Aranoff v. Fordham University

171 A.D.2d 434, 567 N.Y.S.2d 18, 1991 N.Y. App. Div. LEXIS 2736
CourtAppellate Division of the Supreme Court of the State of New York
DecidedMarch 7, 1991
StatusPublished
Cited by5 cases

This text of 171 A.D.2d 434 (Aranoff v. Fordham University) is published on Counsel Stack Legal Research, covering Appellate Division of the Supreme Court of the State of New York primary law. Counsel Stack provides free access to over 12 million legal documents including statutes, case law, regulations, and constitutions.

Bluebook
Aranoff v. Fordham University, 171 A.D.2d 434, 567 N.Y.S.2d 18, 1991 N.Y. App. Div. LEXIS 2736 (N.Y. Ct. App. 1991).

Opinion

Order and Judgment (one paper), Supreme Court, New York County (Alan Saks, J.), entered on or about September 24, 1990, which granted Fordham University’s motion to dismiss the CPLR article 78 petition as untimely pursuant to CPLR 217, and for failure to state a cause of action under CPLR 3211 (a) (7) and 7804 (f), unanimously affirmed, without costs.

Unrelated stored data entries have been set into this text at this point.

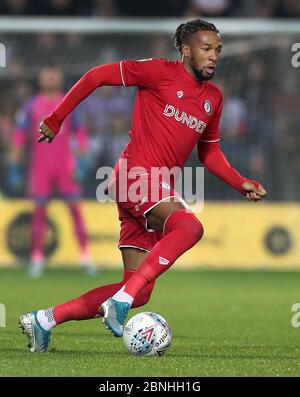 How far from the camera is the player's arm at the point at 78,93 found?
251 inches

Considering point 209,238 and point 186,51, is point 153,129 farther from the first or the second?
point 209,238

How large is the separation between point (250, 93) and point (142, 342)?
397 inches

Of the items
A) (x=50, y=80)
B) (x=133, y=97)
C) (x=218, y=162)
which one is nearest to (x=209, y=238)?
(x=133, y=97)

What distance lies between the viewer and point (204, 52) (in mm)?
6652

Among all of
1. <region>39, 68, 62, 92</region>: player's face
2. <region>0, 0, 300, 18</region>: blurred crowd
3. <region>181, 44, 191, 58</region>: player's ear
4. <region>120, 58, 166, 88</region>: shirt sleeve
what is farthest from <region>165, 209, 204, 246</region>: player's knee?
<region>0, 0, 300, 18</region>: blurred crowd

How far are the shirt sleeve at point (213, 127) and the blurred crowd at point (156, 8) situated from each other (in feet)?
34.0

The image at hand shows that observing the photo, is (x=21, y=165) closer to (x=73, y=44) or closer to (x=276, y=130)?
(x=73, y=44)

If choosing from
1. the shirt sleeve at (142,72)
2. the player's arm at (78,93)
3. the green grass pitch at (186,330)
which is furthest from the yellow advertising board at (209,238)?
the player's arm at (78,93)

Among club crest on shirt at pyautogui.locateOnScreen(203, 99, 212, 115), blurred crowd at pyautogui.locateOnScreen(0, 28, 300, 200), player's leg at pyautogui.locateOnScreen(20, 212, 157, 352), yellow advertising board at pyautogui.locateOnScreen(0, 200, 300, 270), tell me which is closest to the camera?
player's leg at pyautogui.locateOnScreen(20, 212, 157, 352)

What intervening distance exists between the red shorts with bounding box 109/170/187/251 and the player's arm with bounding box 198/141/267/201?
53 cm

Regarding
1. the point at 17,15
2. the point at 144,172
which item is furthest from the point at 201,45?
the point at 17,15

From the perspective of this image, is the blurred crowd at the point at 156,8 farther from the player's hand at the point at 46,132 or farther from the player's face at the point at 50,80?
the player's hand at the point at 46,132

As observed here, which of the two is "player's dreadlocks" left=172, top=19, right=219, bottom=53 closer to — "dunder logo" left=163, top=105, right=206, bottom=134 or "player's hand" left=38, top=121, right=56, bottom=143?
"dunder logo" left=163, top=105, right=206, bottom=134

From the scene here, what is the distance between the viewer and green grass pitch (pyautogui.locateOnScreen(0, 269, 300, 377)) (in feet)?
19.0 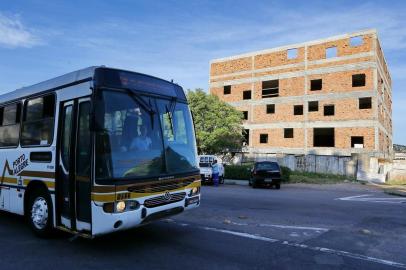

Petitioner commenced this article 78 proceeding in March, 1990, challenging the respondent University’s January, 1984 determination to terminate him from its Economics Doctoral Program on the grounds that the academic "grading” of his thesis by his dissertation committee was arbitrary and capricious. Specifically, petitioner alleges the committee, in evaluating his work, misconstrued his contentions and was improperly influenced by the personal economic views of one of its faculty members.

Contrary to petitioner’s argument, the petition is untimely since it was commenced more than four months after the University’s final and binding January, 1984 determination, ending petitioner’s matriculation at the University as a doctoral student (see, Matter of Edmead v McGuire, 67 NY2d [435]*435714). Petitioner’s subsequent correspondence with the University and his formal attempts to regain admission to the Doctoral Program, in 1985, 1988 and 1989, did not toll or recommence the statutory period (see, Matter of De Milio v Borghard, 55 NY2d 216).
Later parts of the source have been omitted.